A long-term project into the relationship between sculpture and landscape, developed through collaboration between the Portland Sculpture & Quarry Trust and the staff and students at the University of Brighton.
The former quarry in Portland, Dorset is a museum and sculpture centre offering opportunities for the public, artists and students to recognise the intimate relationship that sculpture has with landscape, bringing them into contact with the quarrying history and developing their understanding of materials, their source and their form.
The inspiration for PSQT work is a landscape shaped by the elemental forces of nature and man, worked by hand over 28 generations of quarrying families on the island – where human time and the vastness of geological time visibly intersect – where stone holds evidence of life on earth, once part of another country, another time, and underpins the fragile layer of ecology on which we exist.
It is this that former University of Brighton tutor Antony Gormley and others recognised, providing their own site-specific temporary and permanent sculptures. The opportunity for University of Brighton students to visit and be part of the PSQT developed over several years, with projects from sculpture and performance art coming into the curriculum.
A circle of stones will be put in place at the Portland Quarry in 2017, selected and crafted to have special resonance with the environment. The stones have been selected for their weight, volume, surface, contours, shadows, geological properties as well as for their cultural and architectural associations.
They are placed to relate to the passage of the sun and the earth’s orbit, aligned to the solstices and equinox so that the sun creates time-specific shadows around the stones and through specially drilled bore holes.
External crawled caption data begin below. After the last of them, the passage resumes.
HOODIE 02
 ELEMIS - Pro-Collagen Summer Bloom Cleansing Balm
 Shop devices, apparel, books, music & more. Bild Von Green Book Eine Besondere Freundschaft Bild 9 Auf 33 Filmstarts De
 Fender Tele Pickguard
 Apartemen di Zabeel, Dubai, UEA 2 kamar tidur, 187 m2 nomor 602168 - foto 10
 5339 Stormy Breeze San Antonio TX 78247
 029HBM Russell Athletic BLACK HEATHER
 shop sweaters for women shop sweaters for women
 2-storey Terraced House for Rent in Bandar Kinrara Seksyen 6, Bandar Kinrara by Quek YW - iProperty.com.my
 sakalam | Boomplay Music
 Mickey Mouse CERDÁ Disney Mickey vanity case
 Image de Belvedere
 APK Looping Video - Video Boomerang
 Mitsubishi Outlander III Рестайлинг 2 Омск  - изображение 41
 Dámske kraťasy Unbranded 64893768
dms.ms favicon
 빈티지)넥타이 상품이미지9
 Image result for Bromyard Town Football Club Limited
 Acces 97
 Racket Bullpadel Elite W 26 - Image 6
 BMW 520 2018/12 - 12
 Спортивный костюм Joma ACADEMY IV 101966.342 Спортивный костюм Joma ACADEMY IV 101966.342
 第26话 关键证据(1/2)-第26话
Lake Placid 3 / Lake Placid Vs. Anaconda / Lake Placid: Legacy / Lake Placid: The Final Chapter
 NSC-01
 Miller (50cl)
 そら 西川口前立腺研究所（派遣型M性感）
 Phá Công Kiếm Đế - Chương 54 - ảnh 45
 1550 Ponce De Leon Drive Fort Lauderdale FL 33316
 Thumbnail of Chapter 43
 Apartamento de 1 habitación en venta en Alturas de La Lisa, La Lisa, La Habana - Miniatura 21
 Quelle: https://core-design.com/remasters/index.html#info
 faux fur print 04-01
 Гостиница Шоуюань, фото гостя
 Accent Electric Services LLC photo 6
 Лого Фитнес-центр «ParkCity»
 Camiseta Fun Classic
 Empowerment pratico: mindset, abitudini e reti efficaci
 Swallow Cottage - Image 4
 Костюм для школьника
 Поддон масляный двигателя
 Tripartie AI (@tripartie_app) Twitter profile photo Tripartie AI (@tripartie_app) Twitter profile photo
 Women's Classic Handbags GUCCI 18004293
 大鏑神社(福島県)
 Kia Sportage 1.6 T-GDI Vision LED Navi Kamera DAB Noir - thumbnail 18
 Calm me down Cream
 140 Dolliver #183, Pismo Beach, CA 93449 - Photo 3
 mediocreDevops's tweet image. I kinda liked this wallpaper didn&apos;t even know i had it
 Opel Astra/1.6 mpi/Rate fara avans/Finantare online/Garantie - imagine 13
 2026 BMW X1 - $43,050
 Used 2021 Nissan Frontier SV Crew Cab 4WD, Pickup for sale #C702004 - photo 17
This will make it possible to read the seasons through the fall of light over a large area beyond the circle of stones itself.
The space places the human being in the context of a much bigger timescale and system, relating the proportions of circle to 1/50 of a kilometer and referencing the orbit of the earth and the distance
that is 940million kilometres – that it travels in a sidereal year.
Once in place at the Spring Equinox 2017, the opportunity for visitor interaction will include a trail with digital devices, raising awareness of the relationship between sculpture and landscape, human and geological time.